Interesting poll from Tom Iovino…I'm all for tools to make life easier, but there's always pros and cons for any ways to speed things up.

http://www.thewoodwhisperer.com/articles/poll-shortcut-joinery-and-real-woodworking/

As for "innovation" speed of assembly usually comes with a degree of compromise. However, substituting substance with air and "fancy" dowel connectors is not my idea of innovation/improvement.
http://bgr.com/2014/10/03/ikea-how-to-build/


----------



## BinghamtonEd (Nov 30, 2011)

Ikea's new dowel connector is clever, I'll give them that, but I don't see it holding up well to abuse that some pieces (like a coffee table for people with kids) get.


----------



## jmartel (Jul 6, 2012)

So their crappy furniture that falls apart is going to be even more crappy now.


----------



## paxorion (Oct 19, 2012)

Someday, maybe Ikea shoppers will know to use wood glue? http://lifehacker.com/shore-up-ikea-furniture-with-wood-glue-1630837067

But they'll probably be the same folks that form the control set for this Ikea furniture relationship test: http://www.dailydot.com/lol/ikea-furniture-couples-race/


----------



## paxorion (Oct 19, 2012)

> Ikea s new dowel connector is clever, I ll give them that, but I don t see it holding up well to abuse that some pieces (like a coffee table for people with kids) get.
> 
> - BinghamtonEd


They're creating ammo to for scenarios like this:


----------



## endgrainy (Mar 25, 2013)

I've always admired Ikea for their design concepts and affordability, and I bought a lot of it in a previous life. However, as mentioned, their durability has been sometimes laughable. Using wood glue is a great idea, but wood pulp furniture is wood pulp furniture.

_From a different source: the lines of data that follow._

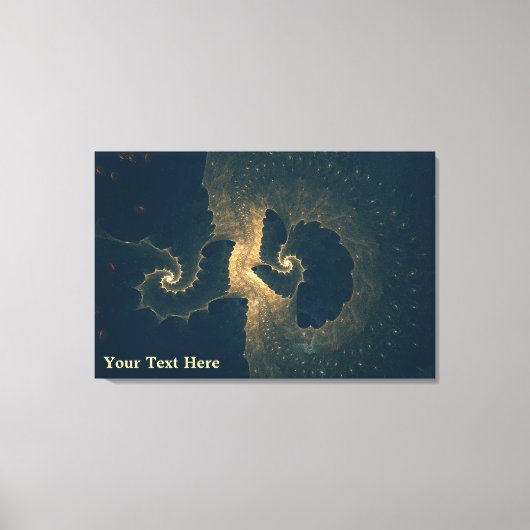 氷の下のエンケラドゥス キャンバスプリント (正面)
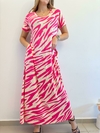 Vestido 713 -Maxi- -Zebra- -Crepe- - comprar online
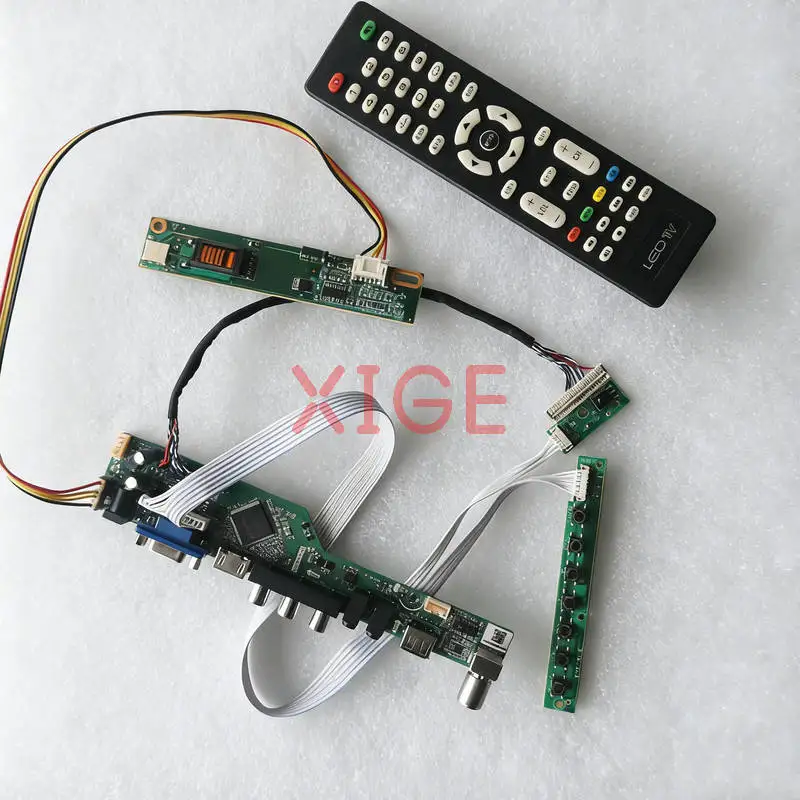 

Плата матричного контроллера подходит для LTN154P3 LTN154P2 LTN154P1 LTN154MT02 HDMI + VGA + AV + USB 1680*1050 1680x1050 1-CCFL LVDS 30-контактный комплект «сделай сам»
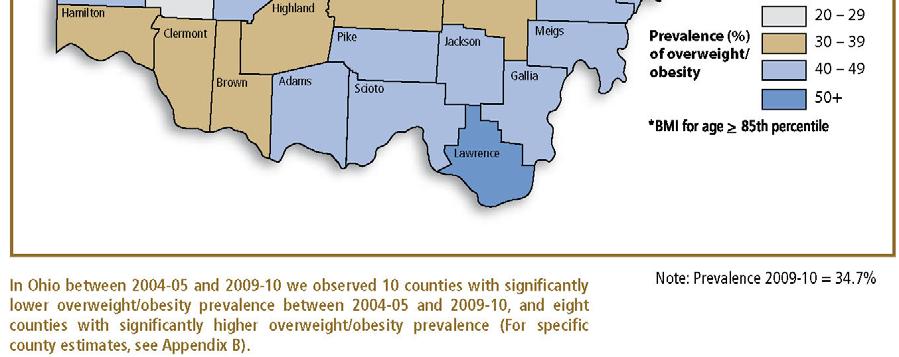 in the county is 30 39% (based on the Ohio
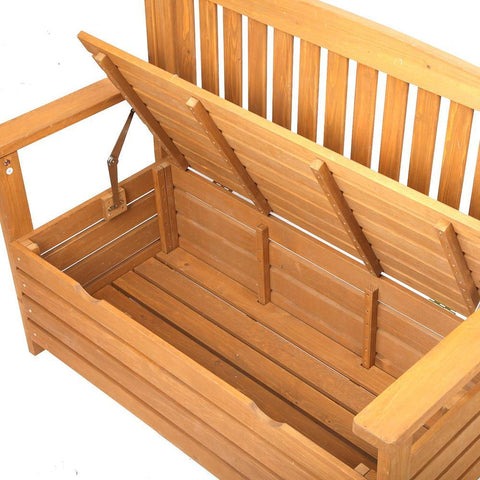 Gardeon 2 Seat Wooden Outdoor Storage Bench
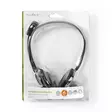 PC headset | On-Ear | Stereo | 2x 3.5 mm | Vikbara Mikrofon | Svart - Trådlösa hörlurar - 5412810274130 - 66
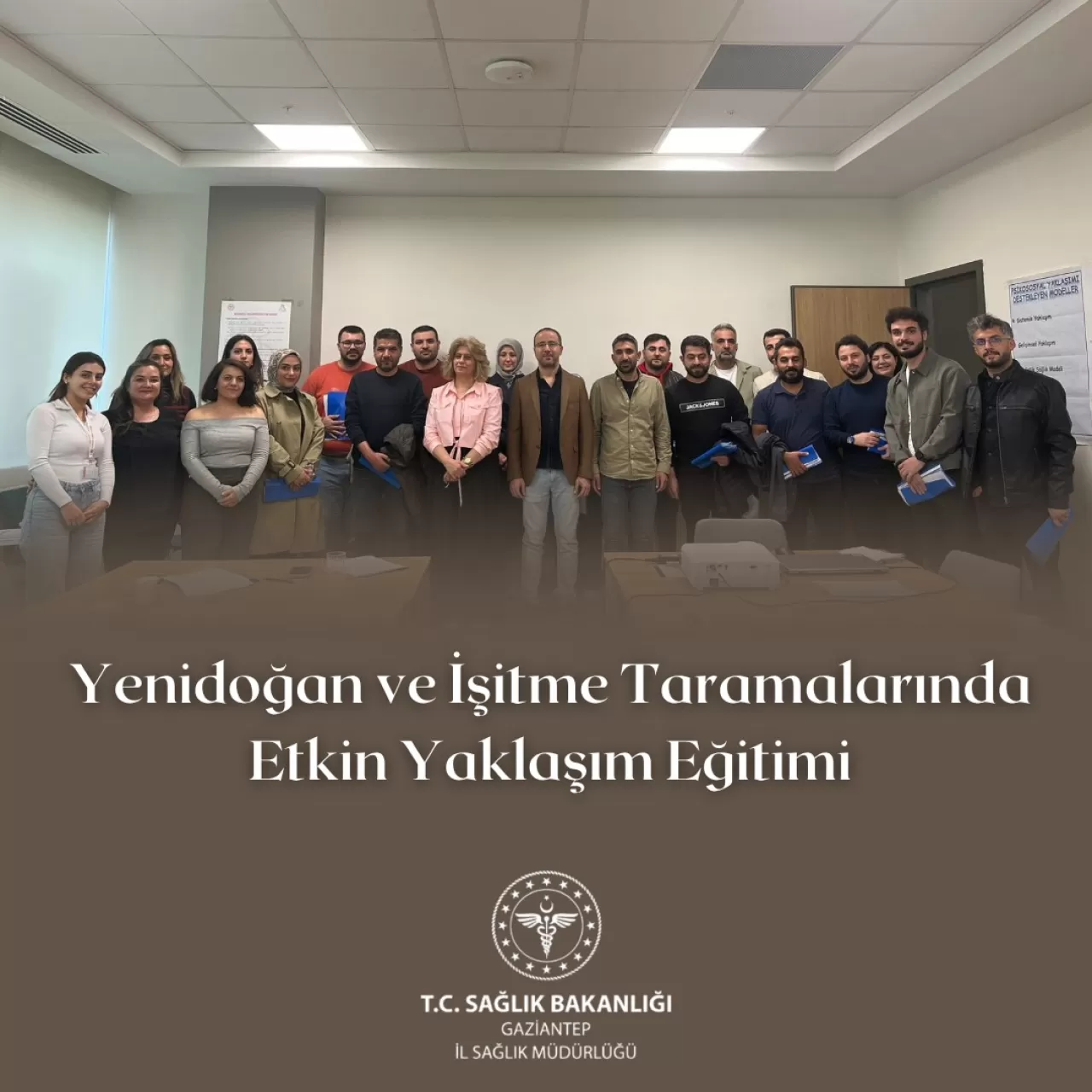 Gaziantep'te Yenidoğan Tarama Programları İçin Eğitim Düzenlendi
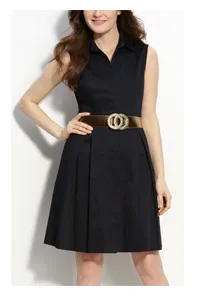 Eliza J Belted Stretch Cotton Shirtdress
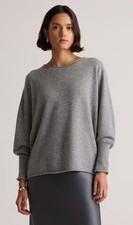 QUINCE Light Blue Mongolian Cashmere Batwing Sweater S/M NWOT picture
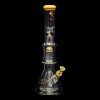 Diamond Glass Levels 17" Beaker Water Pipe - Topazine - 02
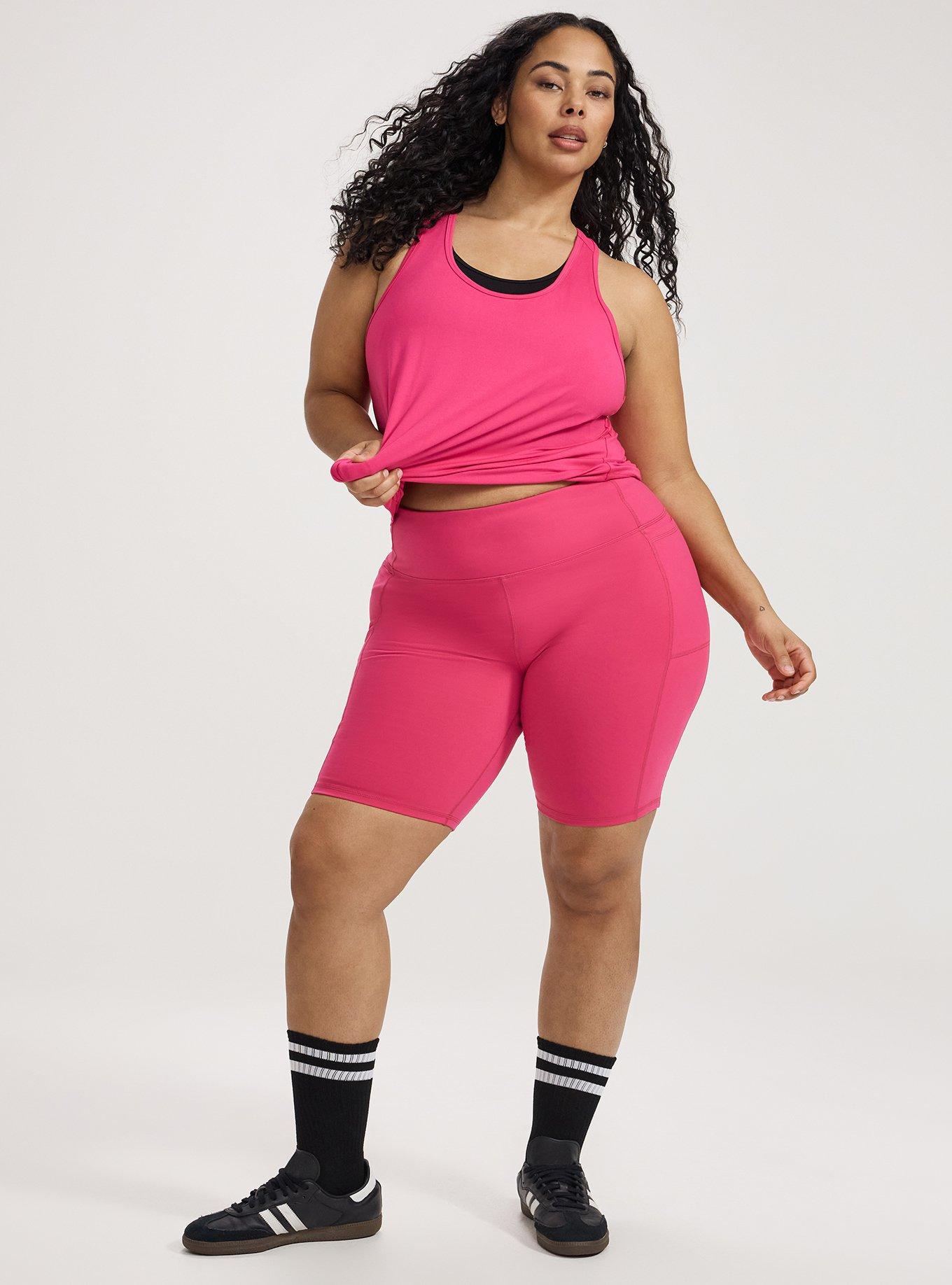 TRU Performance Core 9&rsquo;&rsquo; Active Bike Short, BEET ROOT PURPLE PINK, hi-res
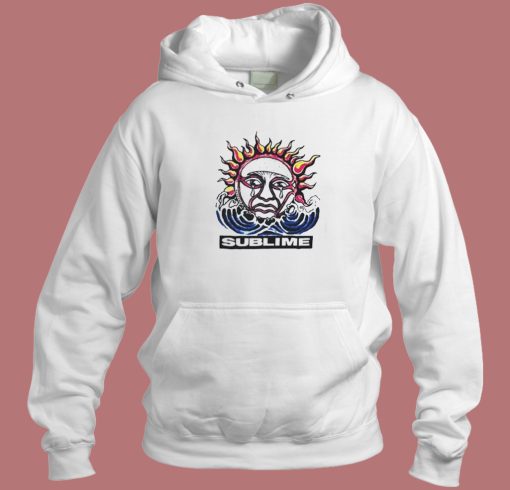 Vintage Sublime Crying Sun On Hoodie Style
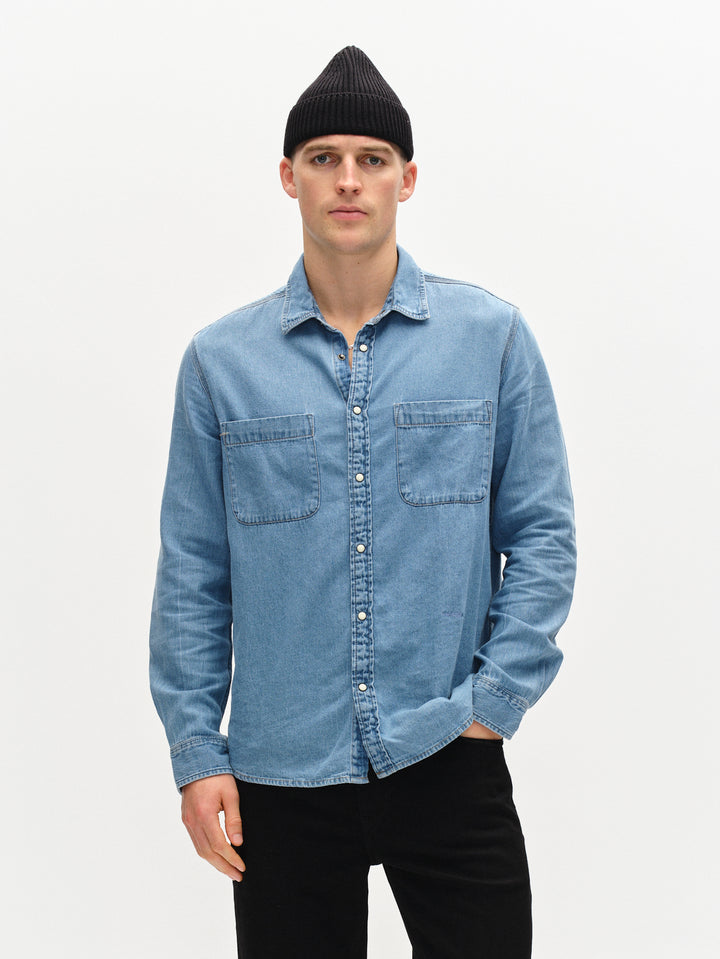 Sven Reg Denim Ls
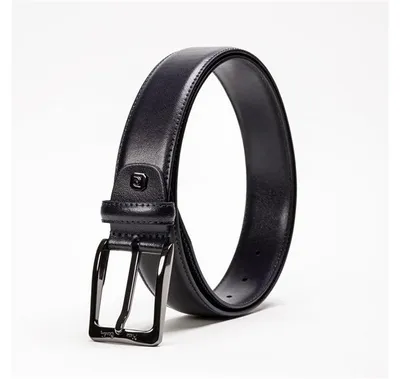 Image de Pierre Cardin Ceinture Cuir Homme Bleu Marine - 100 cm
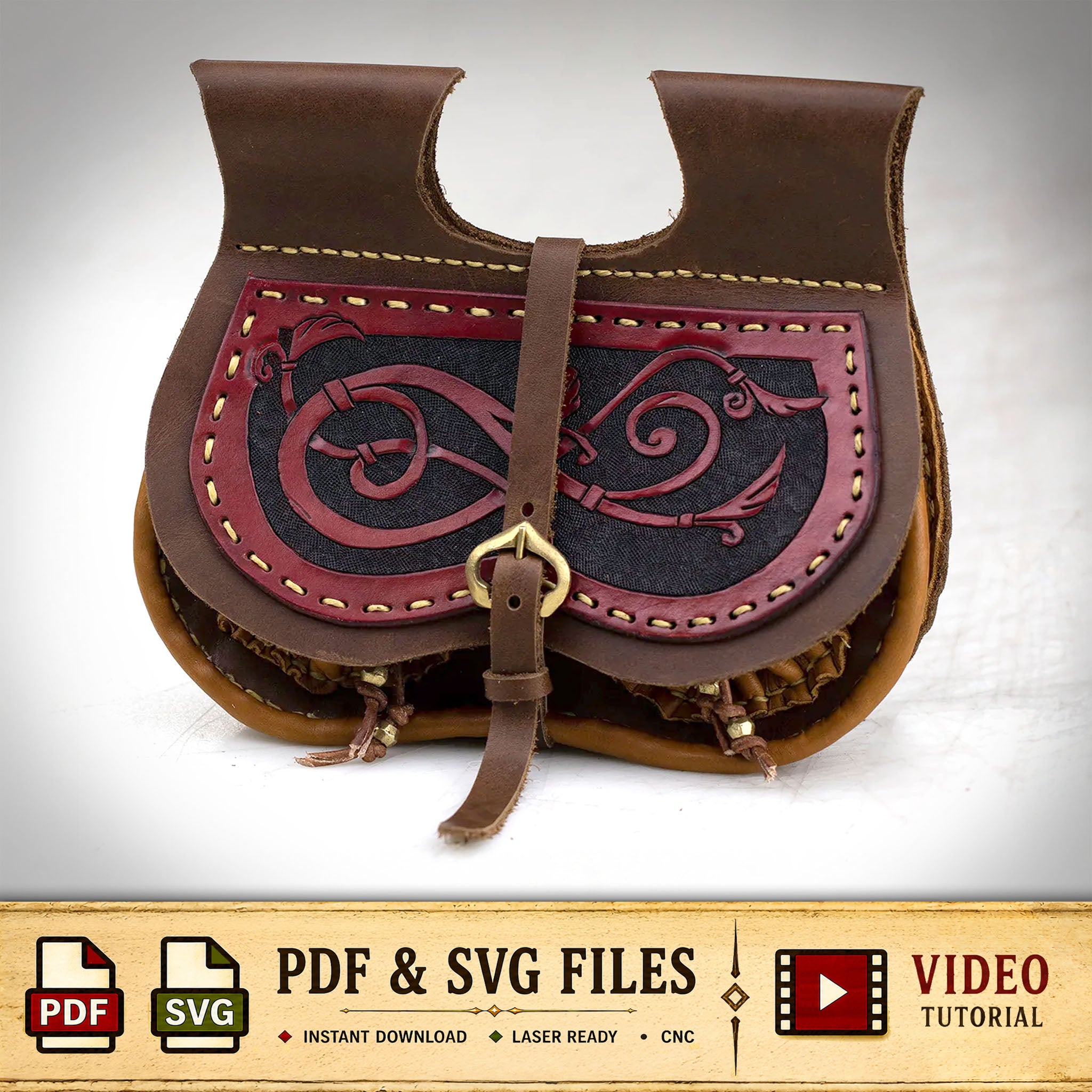 Leather Medieval Pouch Patterns | Dark Horse Workshop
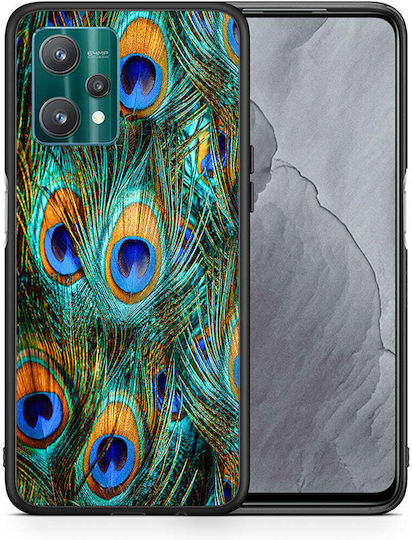 Smartfits Real Peacock Feathers Back Cover Πλαστικό Πολύχρωμο (Realme 9 5G / 9 Pro)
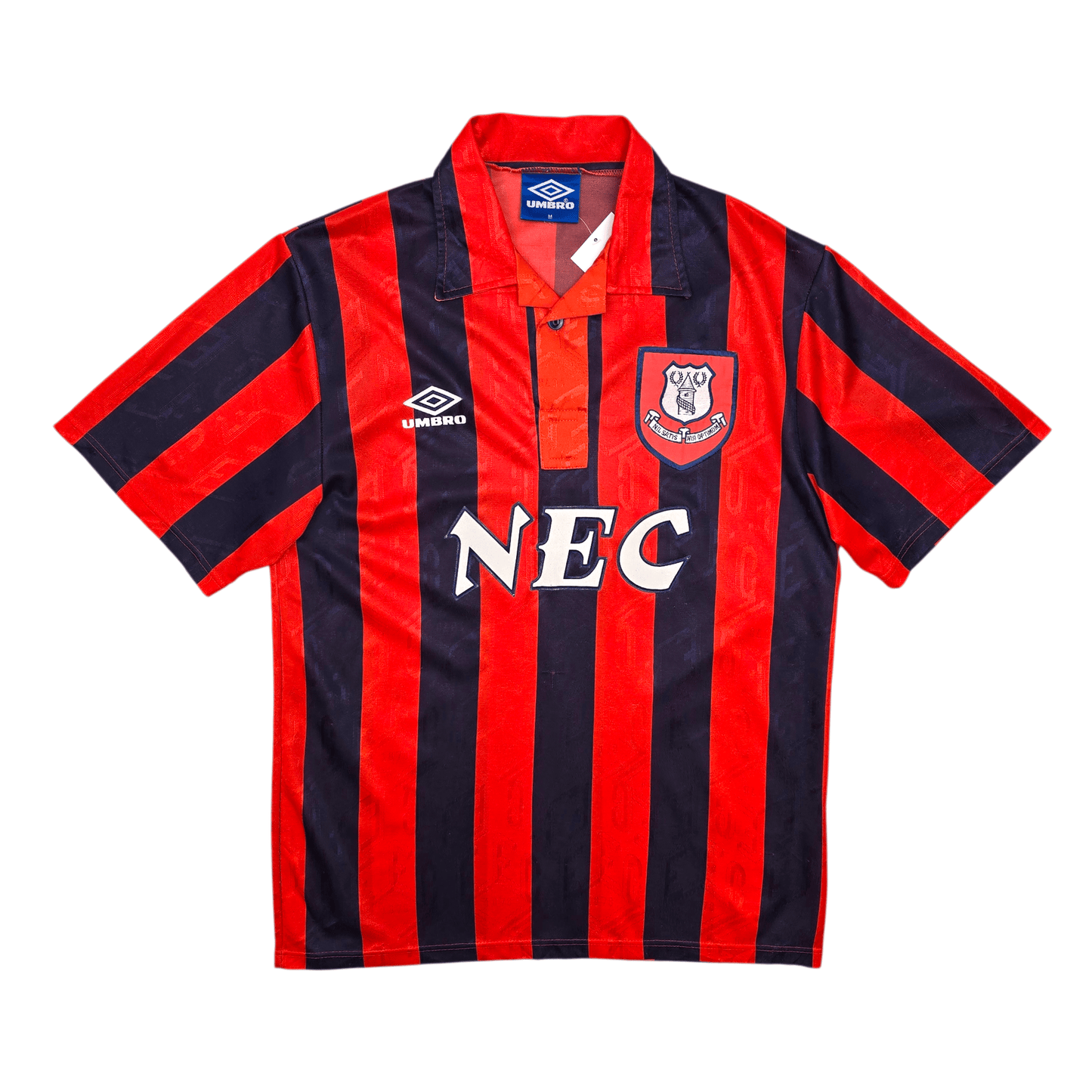 1993/94 Everton Away Football Shirt (M) Umbro #17 Limpar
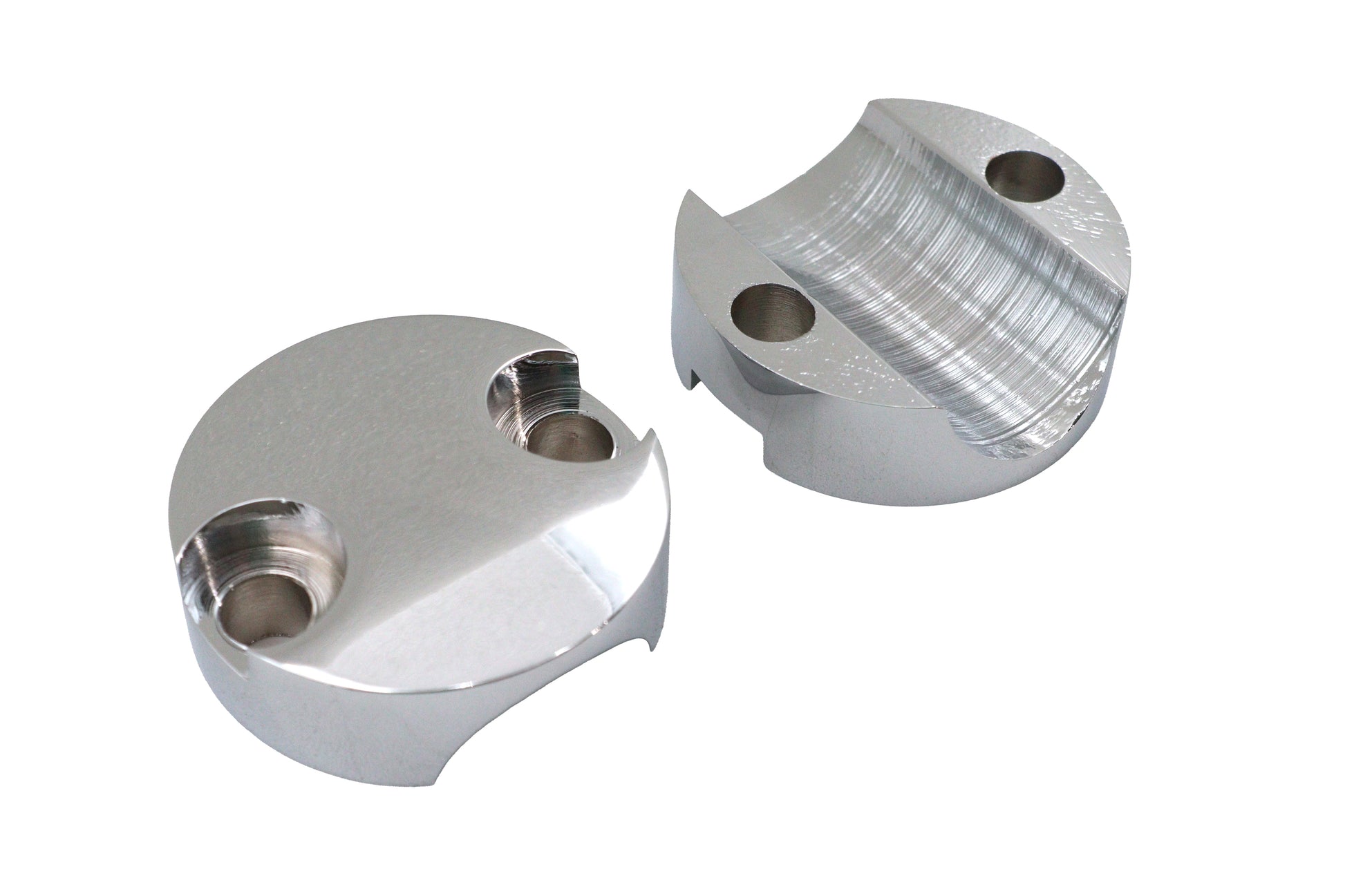 MCM Chrome Riser Cap Set for 3 Inch Riser - Stylish and Durable Accessory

It seems like our culture is so fashion conscious that many people would rather buy a new $250 dresser every 5 years versus a $1000 dresser that would last for 20.


----------



## jmartel (Jul 6, 2012)

The joints breaking isn't necessarily the problem. It's the fact that it's fake veneer over particleboard that splits and separates. The whole thing is trash, not just the joints. I know, I've got plenty of it in the bedroom from my wife. That's all being replaced piece by piece.


----------



## runswithscissors (Nov 8, 2012)

Just think: in a hundred years, Ikea furniture will be in the antique category. If compressed sawdust can last that long.


----------



## InstantSiv (Jan 12, 2014)

I wonder if that bit and the dowels will be made available to us wood workers? I wouldn't mind playing around with it.


----------



## BinghamtonEd (Nov 30, 2011)

> It seems like our culture is so fashion conscious that many people would rather buy a new $250 dresser every 5 years versus a $1000 dresser that would last for 20.
> - endgrainy


They're not paying for the cheap furniture, they're paying for the experience of having to put it together themselves, while their significant other sits on the couch and says "That doesn't look like the picture on the box. Are you sure you're doing it right?"


----------